Klar, früher haben die Meteorologen die Vorhersage selbst gemacht. Heute sorgen sie dafür, dass die Systeme entwickelt werden. Der Meteorologin ist das Geschenk einer neuen Kreativität durch die Technologie überreicht worden, findet Potthast. Er geht sogar soweit und sagt, die Arbeit sei höherwertiger geworden. Meteorologen müssten nämlich wissen, wie es zum System des Rechnens und den Modellen komme, wo dessen Schwächen lägen und, was viel wichtiger sei, was das System eben gar nicht leisten könne und wie man es weiterentwickeln könnte.
Eine Mammutaufgabe?
Wahrscheinlich. Bedenkt man, dass ganz Deutschland alle zwei Kilometer mit virtuellen Punkten versehen ist, deren wetterrelevante Daten in das besagte Modell einflössen. Ein solches hochaufgelöstes Modell-System habe natürlich Schwächen und zwar genau zwischen den 2 Kilometern. Da ist nichts, es wird nur ein grobes Mittel der Effekte berücksichtigt. Und die Meteorologin kennt eben diese Lücken und kann quasi für sie sprechen und sie ausfüllen, gespeist aus ihrer Erfahrung. Was in diesen Lücken vor sich geht, kann also nur der Mensch beurteilen. Begreifen wir den Meterologe also ruhig als sachten Lotsen, der jederzeit eingreifen kann und uns immer durch die Stürme unseres Wettergeschehens navigiert.

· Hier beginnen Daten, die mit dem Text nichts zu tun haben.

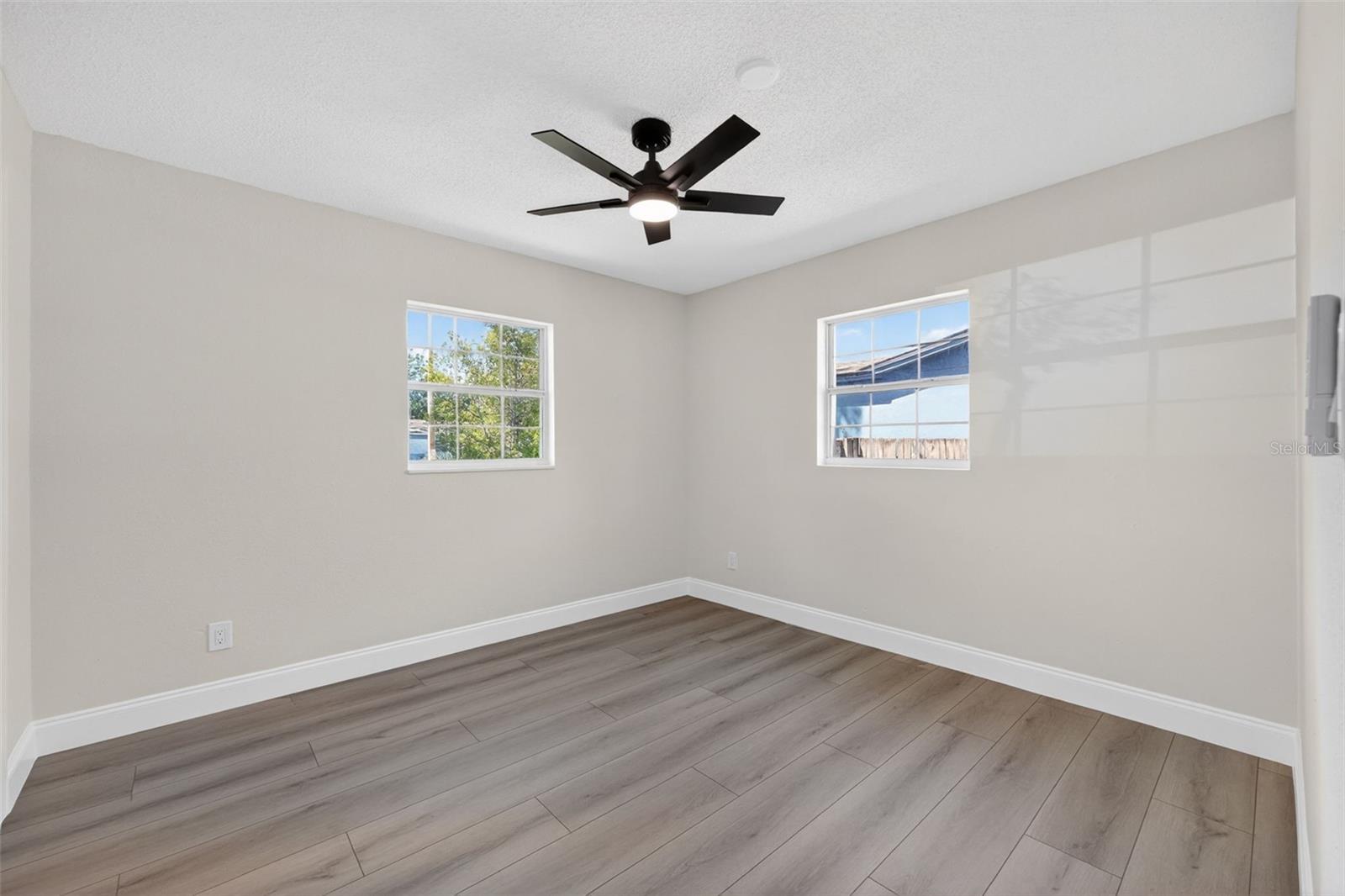 Image 14 of 20 For 11781 128th Avenue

Und zum Schluss ein AHA-Erlebnis. Eine Revolution. Die Systeme haben pro Dekade einen Tag an Verlässlichkeit dazu gewonnen. Pro Jahrzehnt hat sich der DWD in seiner Genauigkeit so perfektioniert, dass es möglich ist, fünf Tage so sicher vorherzusagen wie vor 50 Jahren einen Tag. Und was halten Sie denn von Wetterapps auf Smartphones, Herr Potthast? „Die werden vom Supercomputer gefüttert. Sie sind so verlässlich als würden Sie sich als Laie anschicken, Wetter prognostizieren zu wollen.“ Er sagt aber auch: „Die Systeme sind sehr unterschiedlich. Besser vergleichen Sie sie miteinander.“
Danke an die Pressestelle des DWD, ohne die dieses Gespräch nicht möglich geworden wäre. Und selbstverständlich ein großer Danke an Professor Potthast für seine Zeit!
2 Comments
Sehr interessanter Beitrag und wirklich angenehm und verständlich geschrieben! (Kurzes Lob an die Autorin :)!)
Es ist wirklich spannend zu sehen, wie komplex eigentlich simple Dinge, welche wir alltäglich verwenden, sei es mit einer einfachen Wetter App am Handy, sind und das gerade dort wo man KI erwartet, das meiste noch mit guten alten Algorithmen funktioniert.
Hi Alexander, vielen Dank für das Lob !!!